Dhaka, Bangladesh (BBN) – Excess liquidity in the country’s banking system grew more than 10 per cent in June, boosted by the government’s new injection of funds into the system as part of speeding up the budget implementation.
The excess liquidity with the commercial banks rose to BDT 344.98 in June this year from BDT 307.65 billion in May 2010, according to the central bank statistics.
“The government has started releasing funds for implementation of annual development programs that has actually pushed up liquidity in the country’s banking system,” a senior official of the Bangladesh Bank (BB) told BBN in Dhaka.
The BB official also said the excess liquidity could fall in July and August ahead of the Eid-ul-Fitr festival.
The excess liquidity of the state-owned banks stood at BDT 152.68 billion as on June 30, 2010, while that of the private commercial banks was at BDT 141.06 billion.
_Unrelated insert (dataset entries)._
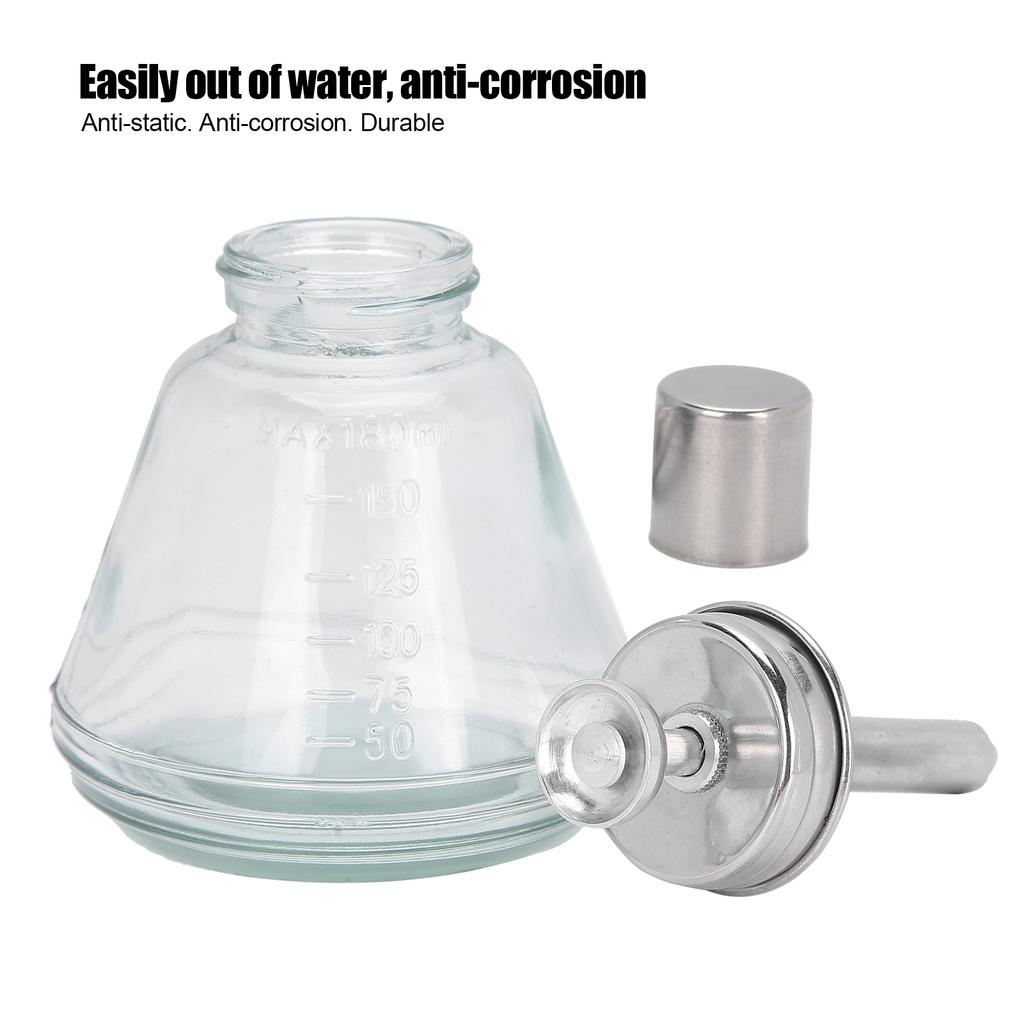 Нажимной дозатор для жидкости с дозатором для снятия лака, многоразовый флакон 180 мл (Алюминиевый сердечник)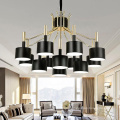 Luxury Contemporary Hotel Black Metal Chandelier Pendant lights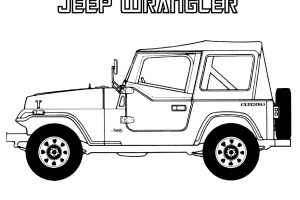 Jeep Coloring Pages | CAR Coloring pages | Cool Cars | #10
The excess liquidity of the foreign banks was BDT 45.16 billion at the same time.
Total liquid assets of commercial banks stood at BDT 871.96 billion in June this year against BDT 826.65 billion of May of 2010, the BB data showed.
“Scheduled banks holding of liquid assets as of June, 2010 in the form of cash and balances with Sonali Bank, balances with Bangladesh Bank and unencumbered approved securities are 5.79 per cent, 31.93 per cent and 62.28 per cent respectively of total liquid assets,” the central bank said in a report on liquidity position.
Most of the banks have invested their excess liquidity in different treasury bills and bonds to minimize the cost of funds, the BB officials added.